追 憶

「アウルーッ!」
 モニターにはアビスが撃たれたことを示すアラームがうるさいほどに響いている。
 敵の攻撃を必死に交わしながら、けれど、沈んでいくそれを追いかけることもできやしない。
 戦闘状況も無茶苦茶だった。敵がたくさん入り乱れて、しかも戦闘能力も恐ろしく高くて、スティングは自分の思うように動けない。ザフトの奴らだけならこんなにもなってないはずなのに、変な奴らが横槍を入れてきて、それがむちゃくちゃ強い。

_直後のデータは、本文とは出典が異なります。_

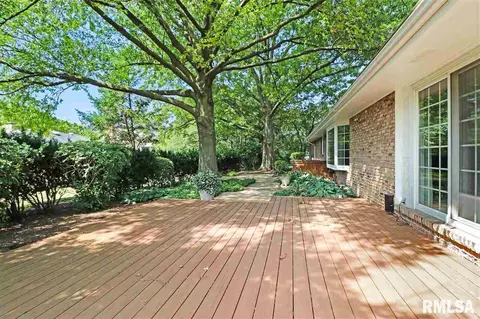 122 E Hanover Pl, Peoria, IL 61614 photo 35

 楽勝なはずだったのに、それはもうありえない話になっていた。
「くっそ!」
 クルクルと機体を操りながら、自分を守るのに精一杯だった。
 こんなはずじゃなかったのに!
「ちっ!」
  帰還信号が発せられたときには、あたり一面、敵も見方もなく、勝ちも負けもなかった。ボロボロになったカオスを母艦に戻しながら、スティングはカタパルトで強くモニタを叩いた。
「アウルがっ・・・!」
 回収に向かう部隊が次々と発進しているが、カオスでは水中には手も足も出ない。自分にはどうしようもないことをスティングは理解していた。


「オレ、ステラ嫌いだよ」
 ベッドの中でアウルは言った。
「何突然言ってんだよ」
 興味なさそうにスティングはそれでも聞いてやる。
「だってあいつ、いつも『ネオ、ネオ』って言ってるくせに、ネオがいないとスティングに構ってもらうじゃん」
 やきもちをあらわに言うアウルは、うつぶせに寝ながら膝を曲げてばたばたと足を動かしている。

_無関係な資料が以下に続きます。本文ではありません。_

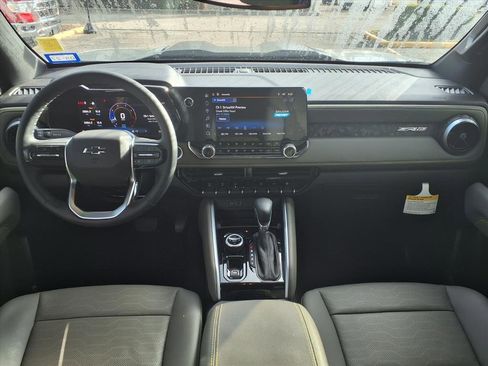 Used 2025 Chevrolet Colorado ZR2 image 3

「別にオレは構ってるってわけじゃないぜ。あいつは妹みたいなもんだろ? 放っておくとどっか行くからな。年長者として気をつけてるだけだって。それに・・・」
 言葉を途切れさせてスティングは隣のアウルの体を抱き寄せる。
「構うっていうのは、こーいうことすることだと思うけど」
 愛おしそうに首筋にきつく口付けを施して、裸の体をなで上げる。気持ち良さそうに目を細めながら、空色の髪の少年は年上の少年の首筋に腕を回した。
「スティングはオレだけのもんだからな!」
 その様子に苦笑しながら、鶯色の髪の少年は、抱きしめた体に深く舌を絡めた。